L’arrivée massive des agents d’intelligence artificielle dans les logiciels SaaS marque une inflexion majeure dans la manière dont les entreprises conçoivent, achètent et utilisent les outils numériques.
À mesure que les capacités de l’IA agentique mûrissent et que les éditeurs enrichissent leurs plateformes pour créer, intégrer et orchestrer des agents autonomes, le modèle même du SaaS est appelé à évoluer. À partir de 2026, les applications SaaS devraient devenir plus intelligentes, plus personnalisées et plus autonomes, se transformant progressivement en un ensemble de services de workflows capables d’apprendre de leurs propres actions.
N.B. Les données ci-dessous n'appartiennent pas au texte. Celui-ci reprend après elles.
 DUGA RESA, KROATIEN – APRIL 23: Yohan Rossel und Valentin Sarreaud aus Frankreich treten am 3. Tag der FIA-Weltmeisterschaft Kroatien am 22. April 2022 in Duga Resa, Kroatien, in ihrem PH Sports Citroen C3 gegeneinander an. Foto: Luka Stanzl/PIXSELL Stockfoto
Cette mutation promet d’améliorer fortement l’efficacité opérationnelle, mais elle introduit également une complexité nouvelle, tant sur le plan technologique qu’économique.
Les agents d’IA, définis comme des entités capables de percevoir leur environnement, d’agir de manière autonome et d’améliorer leurs performances par l’apprentissage, s’inscrivent dans une dynamique d’investissement déjà très forte. Une part croissante des budgets de transformation numérique est désormais consacrée à l’automatisation par l’intelligence artificielle, et cette tendance devrait encore s’amplifier en 2026. Le SaaS, pilier de la transformation digitale des entreprises, devient naturellement un terrain privilégié pour le déploiement de ces agents. Si certains envisagent à terme le remplacement partiel, voire total, de certaines applications par des agents autonomes, cette perspective reste lointaine. À court terme, le marché devrait surtout connaître une phase d’expérimentation, d’enrichissement fonctionnel et de recomposition progressive, avec l’émergence d’acteurs « AI-first » venant concurrencer les éditeurs historiques.
Cette transition rend toutefois l’écosystème SaaS plus complexe. Les grands fournisseurs adoptent des stratégies multiples, en intégrant des agents dans leurs produits existants, en lançant de nouvelles offres nativement agentiques ou en proposant des frameworks permettant aux clients de créer et d’orchestrer leurs propres agents. Parallèlement, des start-up spécialisées développent des solutions susceptibles de perturber certains segments, notamment les processus métiers les plus standardisés comme le support client, avant de s’attaquer à des domaines plus complexes tels que l’ERP ou le CRM. À terme, les entreprises devraient évoluer d’une adoption opportuniste des agents proposés par leurs fournisseurs vers des architectures plus intentionnelles, combinant agents internes et externes au sein de systèmes multi-agents intégrés.
L’un des bouleversements les plus structurants concerne les modèles de tarification. Les approches traditionnelles fondées sur l’abonnement ou le nombre de licences apparaissent de moins en moins adaptées à des agents capables de réaliser le travail de plusieurs utilisateurs et d’agir de façon autonome. De nouveaux modèles hybrides émergent, mêlant tarification à l’usage, au résultat ou à la valeur créée. Si ces modèles promettent une meilleure adéquation entre coût et bénéfice, ils rendent également les dépenses moins prévisibles et imposent de nouvelles exigences en matière de mesure, de traçabilité et de gouvernance financière. Cette évolution impactera profondément les fonctions commerciales, juridiques et financières des éditeurs comme des clients.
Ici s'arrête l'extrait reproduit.